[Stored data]

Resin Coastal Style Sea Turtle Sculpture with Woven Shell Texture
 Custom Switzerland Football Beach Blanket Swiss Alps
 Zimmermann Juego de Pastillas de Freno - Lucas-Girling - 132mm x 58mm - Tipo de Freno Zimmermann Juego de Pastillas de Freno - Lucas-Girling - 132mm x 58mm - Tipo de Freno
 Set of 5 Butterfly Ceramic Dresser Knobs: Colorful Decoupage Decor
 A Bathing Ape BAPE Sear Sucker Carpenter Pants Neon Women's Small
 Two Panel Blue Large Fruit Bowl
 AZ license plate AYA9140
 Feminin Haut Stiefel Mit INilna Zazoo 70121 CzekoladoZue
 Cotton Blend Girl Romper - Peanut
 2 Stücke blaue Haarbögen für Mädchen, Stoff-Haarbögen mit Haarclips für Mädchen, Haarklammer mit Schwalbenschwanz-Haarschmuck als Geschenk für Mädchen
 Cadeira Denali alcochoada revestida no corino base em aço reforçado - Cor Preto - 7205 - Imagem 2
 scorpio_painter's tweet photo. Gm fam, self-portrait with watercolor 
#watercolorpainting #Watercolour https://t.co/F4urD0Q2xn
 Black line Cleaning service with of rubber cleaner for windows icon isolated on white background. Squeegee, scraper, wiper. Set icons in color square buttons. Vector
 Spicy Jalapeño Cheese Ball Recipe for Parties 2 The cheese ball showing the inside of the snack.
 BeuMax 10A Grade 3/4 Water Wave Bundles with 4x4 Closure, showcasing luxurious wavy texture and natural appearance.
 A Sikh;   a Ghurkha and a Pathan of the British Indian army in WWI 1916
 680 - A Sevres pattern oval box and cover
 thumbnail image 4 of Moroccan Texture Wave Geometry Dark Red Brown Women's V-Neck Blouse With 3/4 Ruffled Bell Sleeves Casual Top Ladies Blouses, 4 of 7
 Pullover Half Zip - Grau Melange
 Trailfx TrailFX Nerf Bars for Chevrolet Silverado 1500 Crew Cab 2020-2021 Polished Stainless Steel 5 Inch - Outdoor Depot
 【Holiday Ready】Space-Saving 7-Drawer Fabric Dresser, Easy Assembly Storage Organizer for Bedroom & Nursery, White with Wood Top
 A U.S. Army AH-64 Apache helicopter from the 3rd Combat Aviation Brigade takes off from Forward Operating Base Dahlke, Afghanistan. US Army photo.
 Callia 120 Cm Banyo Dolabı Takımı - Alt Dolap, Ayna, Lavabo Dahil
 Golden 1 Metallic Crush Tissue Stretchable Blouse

REQUIRED WORK:
What is the number of lines in the data that include "photo"? Answer with that number alone.

ANSWER TO THIS EXERCISE:
2